Hablaba sin soberbia, con tranquila determinación. El juez y el secretario, boquiabiertos, no atinaban a gritar. Gumercindo Tello tenía ya en la mano izquierda el cuerpo del delito y elevaba el cuchillo para, verdugo que blande el hacha y mide la trayectoria hacia el cuello del condenado, dejarlo caer y consumar la inconcebible prueba.
¿Lo haría? ¿Se privaría así, de un tajo, de su integridad? ¿Sacrificaría su cuerpo, su juventud, su honor, en pos de una demostración ético-abstracta? ¿Convertiría Gumercindo Tello el más respetable despacho judicial de Lima en ara de sacrificios? ¿Cómo terminaría ese drama forense?
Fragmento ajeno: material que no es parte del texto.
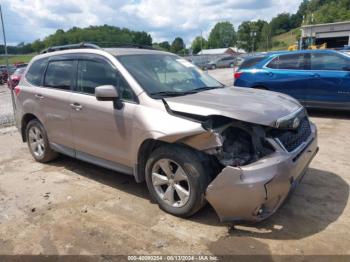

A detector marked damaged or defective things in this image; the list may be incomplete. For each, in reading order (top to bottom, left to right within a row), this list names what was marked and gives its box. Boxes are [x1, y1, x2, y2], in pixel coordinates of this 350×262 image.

damaged subaru forester [15, 44, 318, 222]
crushed hood [165, 87, 302, 127]
crumpled front bumper [205, 122, 318, 221]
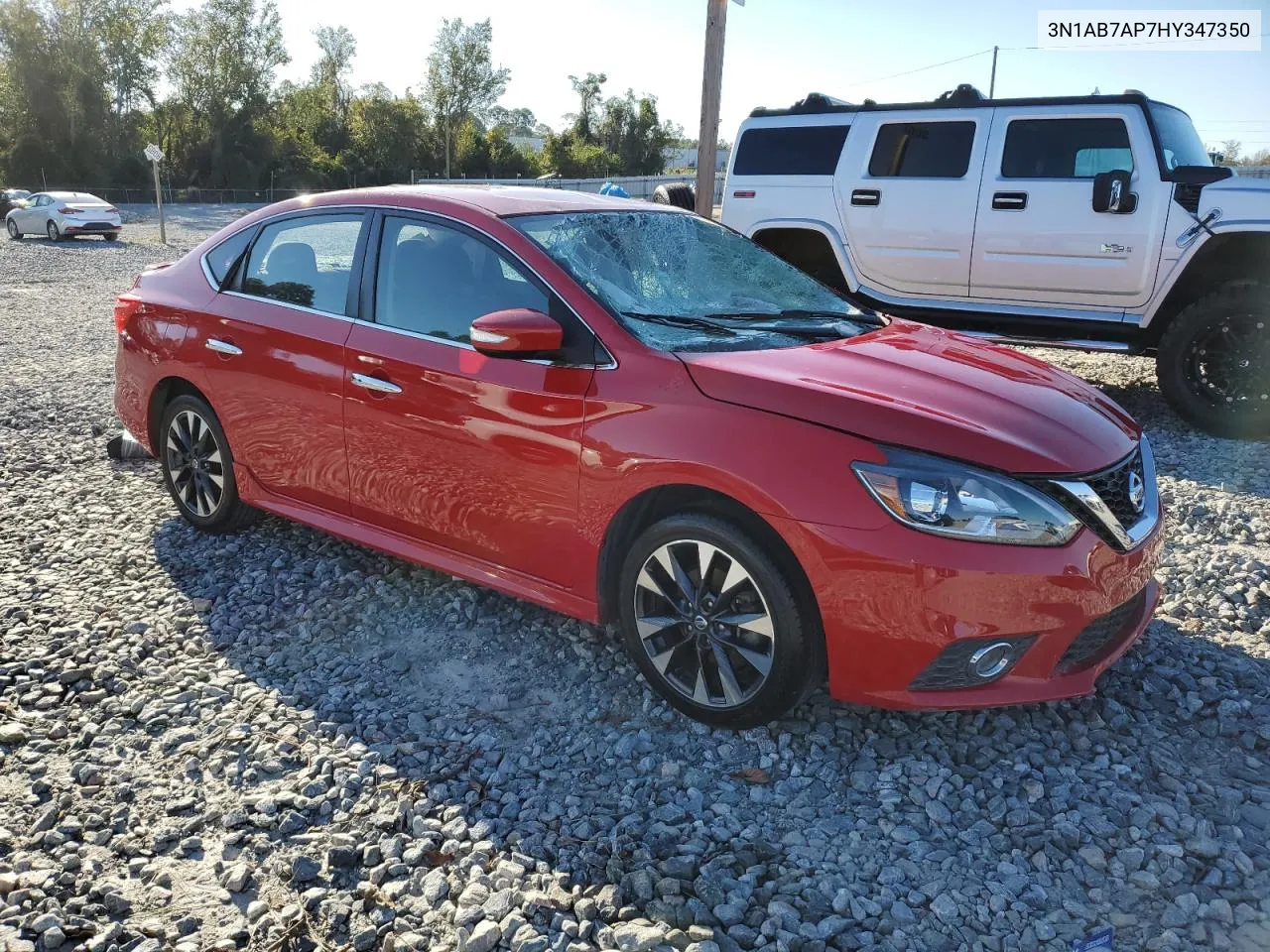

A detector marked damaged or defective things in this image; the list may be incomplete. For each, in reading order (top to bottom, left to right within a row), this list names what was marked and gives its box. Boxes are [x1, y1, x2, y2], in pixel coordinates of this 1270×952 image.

shattered glass windshield [508, 211, 883, 355]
Los amores con la tía Julia continuaban viento en popa, pero la, cosas se iban complicando porque resultaba difícil mantener la clandestinidad. De común acuerdo, para no provocar sospechas en la familia, había reducido drásticamente mis visitas a casa del tío Lucho. Sólo seguía yendo con puntualidad al almuerzo de los jueves. Para el cine de las noches inventábamos diversas tretas. La tía Julia salía temprano, llamaba a la tía Olga para decirle que comería con una amiga y me esperaba en algún lugar acordado. Pero esta operación tenía el inconveniente de que la tía Julia debía pasarse horas en las calles, hasta que yo saliera del trabajo, y de que la mayor parte de las veces ayunaba. Otros días yo iba a buscarla en un taxi, sin bajarme; ella estaba alerta y apenas veía detenerse el automóvil salía corriendo. Pero era una estratagema riesgosa: si me descubrían, inmediatamente sabrían que había algo entre ella y yo; y, de todos modos, ese misterioso invitador, emboscado en el fondo de un taxi, terminaría por despertar curiosidad, malicia, muchas preguntas…
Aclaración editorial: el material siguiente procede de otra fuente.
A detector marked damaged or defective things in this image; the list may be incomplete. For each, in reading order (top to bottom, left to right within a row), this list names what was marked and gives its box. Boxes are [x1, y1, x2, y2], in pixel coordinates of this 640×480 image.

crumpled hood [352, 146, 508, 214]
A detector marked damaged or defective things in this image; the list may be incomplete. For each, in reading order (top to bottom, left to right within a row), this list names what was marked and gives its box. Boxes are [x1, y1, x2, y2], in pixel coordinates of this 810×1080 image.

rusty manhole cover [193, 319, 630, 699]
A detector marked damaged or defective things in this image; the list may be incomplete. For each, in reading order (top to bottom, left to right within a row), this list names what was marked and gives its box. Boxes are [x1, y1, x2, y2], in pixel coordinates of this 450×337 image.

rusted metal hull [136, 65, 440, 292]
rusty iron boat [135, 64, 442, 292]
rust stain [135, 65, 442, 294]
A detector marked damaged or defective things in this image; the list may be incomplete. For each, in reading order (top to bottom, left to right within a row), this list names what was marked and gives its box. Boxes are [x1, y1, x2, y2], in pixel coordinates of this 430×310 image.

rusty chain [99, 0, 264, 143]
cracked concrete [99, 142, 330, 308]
Habíamos optado, por eso, en vernos menos de noche y más de día, aprovechando los huecos de la Radio. La tía Julia tomaba un colectivo al centro y a eso de las once de la mañana, o de las cinco de la tarde, me esperaba en una cafetería de Camaná, o en el Cream Rica del jirón de la Unión. Yo dejaba revisados un par de boletines y podíamos pasar dos horas juntos. Habíamos descartado el Bransa de la Colmena porque allí acudía toda la gente de Panamericana y de Radio Central. De vez en cuando (más exactamente, los días de pago) la invitaba a almorzar y entonces estábamos hasta tres horas juntos. Pero mi magro salario no permitía esos excesos. Había conseguido, luego de un elaborado discurso, una mañana en que lo encontré eufórico por los éxitos de Pedro Camacho, que Genaro-hijo me aumentara el sueldo, con lo que llegué a redondear cinco mil soles. Daba dos mil a mis abuelos para ayudarlos en la casa. Los tres mil restantes me alcanzaban antes de sobra para mis vicios: el cigarrillo, el cine y los libros. Pero, desde mis amores con la tía Julia, se volatizaban velozmente y andaba siempre apurado, recurriendo con frecuencia a préstamos e, incluso, a la Caja Nacional de Pignoración, en la Plaza de Armas. Como, por otra parte, tenía firmes prejuicios hispánicos respecto a las relaciones entre hombres y mujeres y no permitía que la tía Julia pagara ninguna cuenta, mi situación económica llegaba a ser dramática. Para aliviarla, comencé a hacer algo que Javier severamente llamó "prostituir mi pluma". Es decir, a escribir reseñas de libros y reportajes en suplementos culturales y revistas de Lima. Los publicaba con seudónimo, para avergonzarme menos de lo malos que eran. Pero los doscientos o trescientos soles más al mes constituían un tónico para mi presupuesto.